EXERCISE DESCRIPTION. The answer should consist of the records below, repeated exactly, and no pictures.

Captioned web images
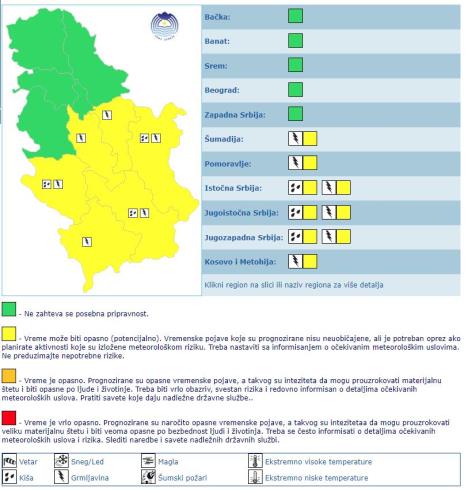 meteo-alarm.jpg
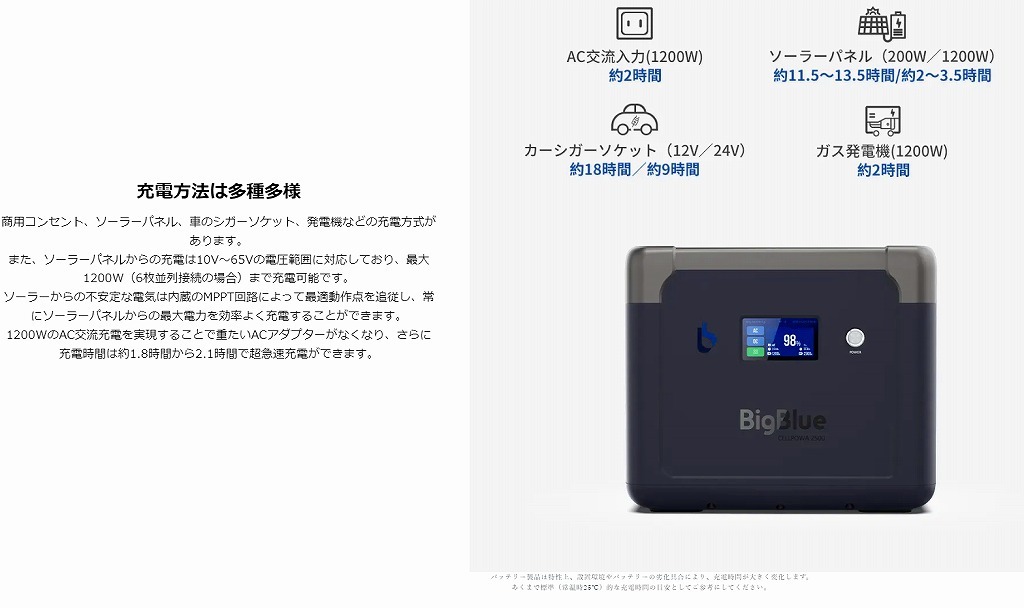 新品】BigBlue Cellpowa 2500 32V 576000mAh 1843.2WH ポータブル電源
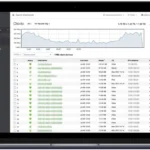 Cnp Meraki Mx67 Enterprise Lice Nse And Support 1Yr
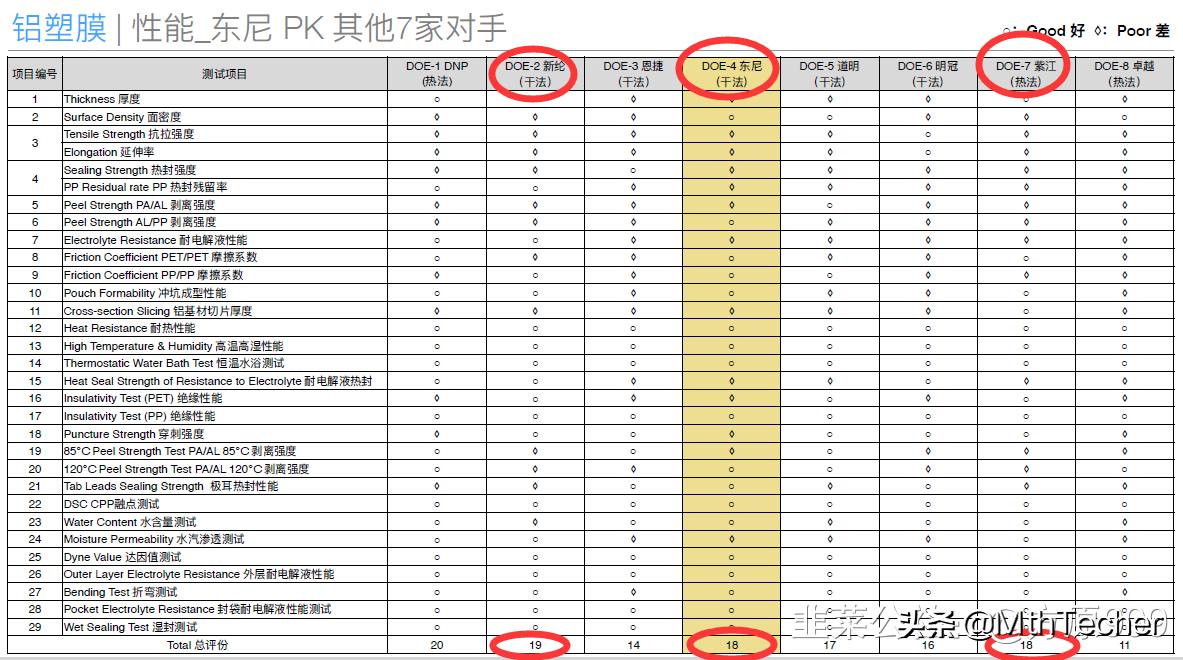 软包电池之铝塑膜详解（兼谈东尼电子）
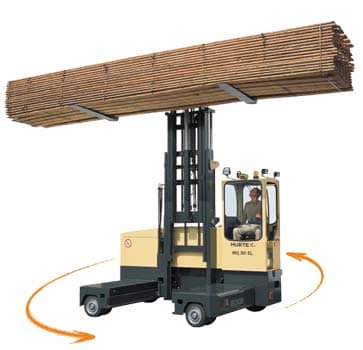 德国胡比特克斯叉车(HUBTEX)4-6吨电动多面叉车 M 60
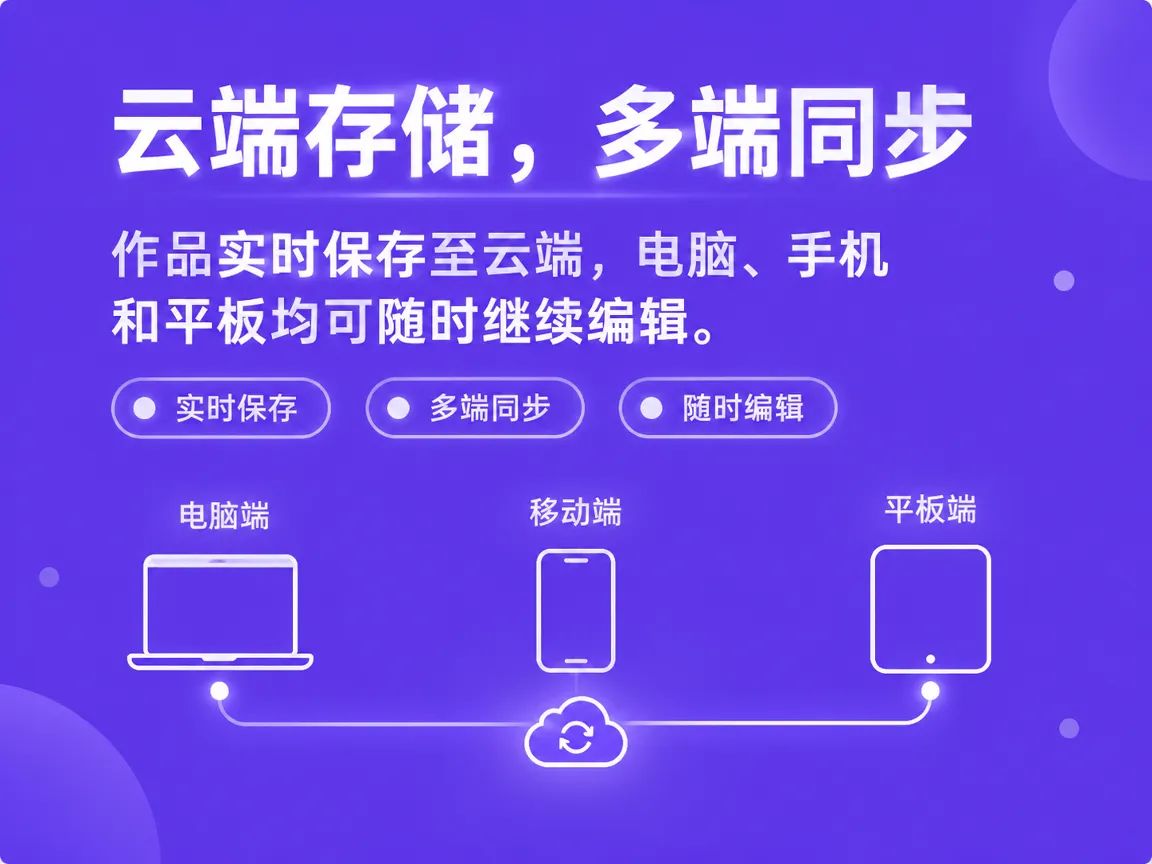 PPT 云端存储与多端同步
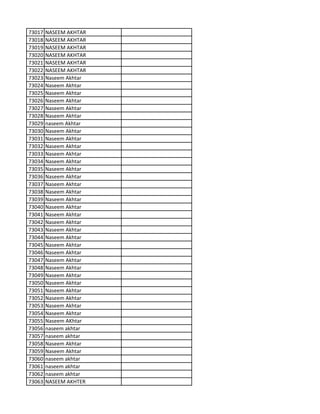 73017 NASEEM AKHTAR
73018 NASEEM AKHTAR
73019 NASEEM AKHTAR
73020 NASEEM AKHTAR
73021 NASEEM AKHTAR
73022 NASEEM AKHTAR
73023 Naseem Akhtar
73024 Naseem Akhtar
73025 Naseem Akhtar
73026 Naseem Akhtar
73027 Naseem Akhtar
73028 Naseem Akhtar
73029 naseem Akhtar
73030 Naseem Akhtar
73031 Naseem Akhtar
73032 Naseem Akhtar
73033 Naseem Akhtar
73034 Naseem Akhtar
73035 Naseem Akhtar
73036 Naseem Akhtar
73037 Naseem Akhtar
73038 Naseem Akhtar
73039 Naseem Akhtar
73040 Naseem Akhtar
73041 Naseem Akhtar
73042 Naseem Akhtar
73043 Naseem Akhtar
73044 Naseem Akhtar
73045 Naseem Akhtar
73046 Naseem Akhtar
73047 Naseem Akhtar
73048 Naseem Akhtar
73049 Naseem Akhtar
73050 Naseem Akhtar
73051 Naseem Akhtar
73052 Naseem Akhtar
73053 Naseem Akhtar
73054 Naseem Akhtar
73055 Naseem AKhtar
73056 naseem akhtar
73057 naseem akhtar
73058 Naseem Akhtar
73059 Naseem Akhtar
73060 naseem akhtar
73061 naseem akhtar
73062 naseem akhtar
73063 NASEEM AKHTER
 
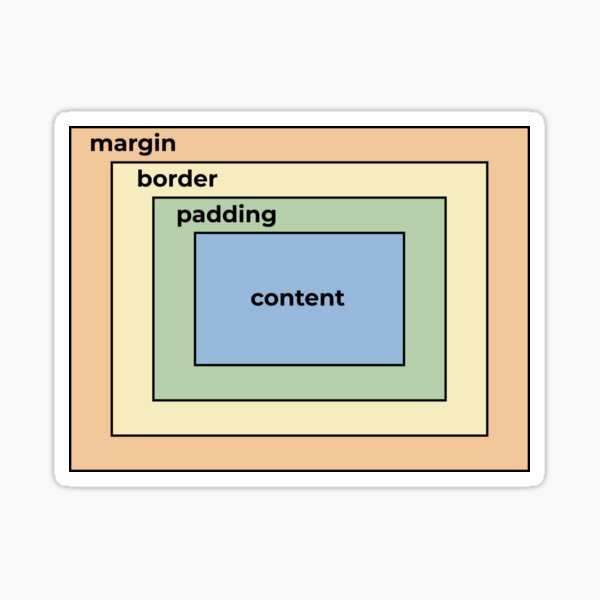 Item preview, CSS Box Model designed and sold by ThingsForFun.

ANSWER SECTION.
 meteo-alarm.jpg
 新品】BigBlue Cellpowa 2500 32V 576000mAh 1843.2WH ポータブル電源
 Cnp Meraki Mx67 Enterprise Lice Nse And Support 1Yr
 软包电池之铝塑膜详解（兼谈东尼电子）
 德国胡比特克斯叉车(HUBTEX)4-6吨电动多面叉车 M 60
 PPT 云端存储与多端同步
 73017 NASEEM AKHTAR
73018 NASEEM AKHTAR
73019 NASEEM AKHTAR
73020 NASEEM AKHTAR
73021 NASEEM AKHTAR
73022 NASEEM AKHTAR
73023 Naseem Akhtar
73024 Naseem Akhtar
73025 Naseem Akhtar
73026 Naseem Akhtar
73027 Naseem Akhtar
73028 Naseem Akhtar
73029 naseem Akhtar
73030 Naseem Akhtar
73031 Naseem Akhtar
73032 Naseem Akhtar
73033 Naseem Akhtar
73034 Naseem Akhtar
73035 Naseem Akhtar
73036 Naseem Akhtar
73037 Naseem Akhtar
73038 Naseem Akhtar
73039 Naseem Akhtar
73040 Naseem Akhtar
73041 Naseem Akhtar
73042 Naseem Akhtar
73043 Naseem Akhtar
73044 Naseem Akhtar
73045 Naseem Akhtar
73046 Naseem Akhtar
73047 Naseem Akhtar
73048 Naseem Akhtar
73049 Naseem Akhtar
73050 Naseem Akhtar
73051 Naseem Akhtar
73052 Naseem Akhtar
73053 Naseem Akhtar
73054 Naseem Akhtar
73055 Naseem AKhtar
73056 naseem akhtar
73057 naseem akhtar
73058 Naseem Akhtar
73059 Naseem Akhtar
73060 naseem akhtar
73061 naseem akhtar
73062 naseem akhtar
73063 NASEEM AKHTER
 
 Item preview, CSS Box Model designed and sold by ThingsForFun.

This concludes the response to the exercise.